Cupra Tavascan : ce SUV électrique fabriqué en Chine échappe aux surtaxes européennes, une décision qui change tout
Depuis hier, le Cupra Tavascan est officiellement exempté de la surtaxe européenne appliquée aux véhicules électriques produits en Chine. Cette décision ouvre une nouvelle ère dans les discussions entre Bruxelles et Pékin sur la voiture électrique et rebat les cartes du marché automobile.

Cette décision, publiée lundi au Journal officiel de l’Union européenne, marque une première dans le cadre des mesures instaurées à l’été 2024 par Bruxelles pour contrer les subventions jugées déloyales accordées par Pékin à son industrie automobile.
En levant les surtaxes sur le Cupra Tavascan produit en Chine, la Commission européenne ne se contente pas de régler un bras de fer commercial avec le groupe Volkswagen.
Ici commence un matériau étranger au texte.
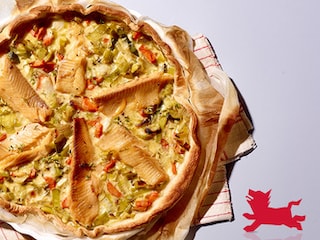 Quiche aux poireaux, carottes et truite fumée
Elle inaugure une ère nouvelle de la réalpolitique industrielle, où les engagements individuels des constructeurs priment désormais sur les blocs tarifaires globaux.
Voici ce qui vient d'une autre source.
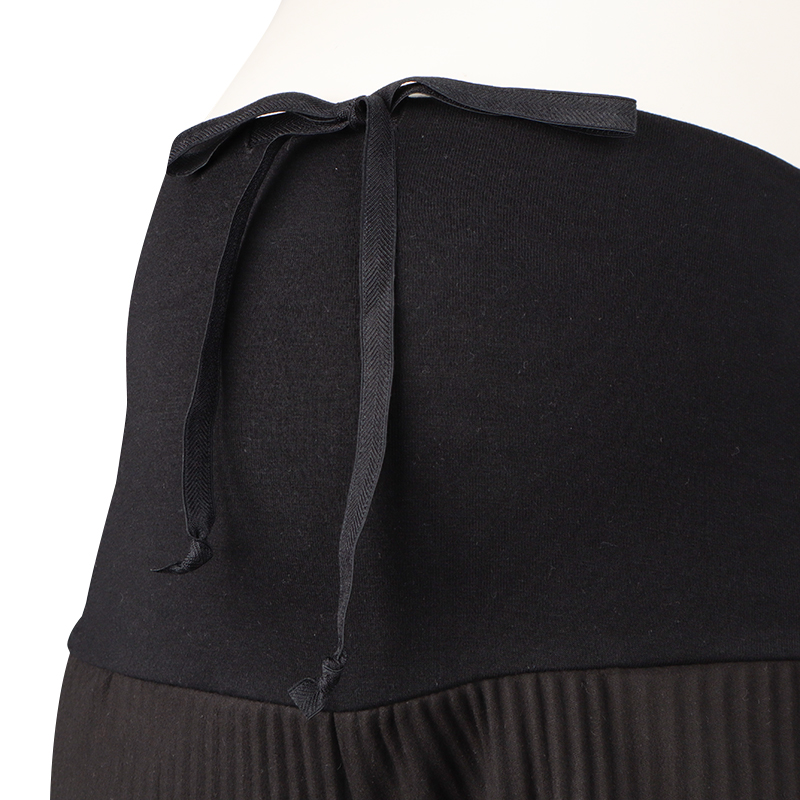 セルフチョキチョキプリーツパンツ なめらか ブラック ブラック M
Une première pour Bruxelles
Jusqu’à présent, le SUV électrique espagnol, fabriqué dans l’usine chinoise de Volkswagen à Anhui, était soumis à un droit de douane total de 30,7 % : 10 % de droit de base à l’importation, auxquels s’ajoutaient 20,7 % de surtaxe spécifique. Désormais, le Tavascan reste assujetti au taux de base de 10 %, mais échappe à la surtaxe additionnelle.
En contrepartie, Cupra s’est engagé à respecter un prix minimum à l’importation ainsi qu’un quota annuel de volumes. Deux notions restées confidentielles. Les niveaux précis de ce prix plancher et du quota n’ont pas été rendus publics.
Aucune incidence tarifaire pour les clients
Pour obtenir cette exonération, le groupe Volkswagen a dû démontrer que la production du modèle ne reposait pas sur des subventions chinoises, considérées par l'UE comme déloyales, mais sur un investissement avec des capitaux propres.
Pour les clients, cette décision n’a "aucune incidence sur le tarif" fait savoir le constructeur à Caradisiac. Dès l’origine, Cupra s’était engagé "à ne pas répercuter ces frais additionnels" sur ses tarifs catalogue.
Une brèche dans le mur européen
Cette décision ouvre une brèche dans la doctrine de défense commerciale adoptée à l’été 2024. Les mesures européennes visent l’ensemble des véhicules électriques fabriqués en Chine, qu’ils soient issus de marques chinoises ou européennes. Si certains constructeurs, comme Tesla (7,8 %) ou BYD (17 %), avaient obtenu des taux réduits, aucun n’avait jusqu’alors bénéficié d’exonération totale de surtaxe.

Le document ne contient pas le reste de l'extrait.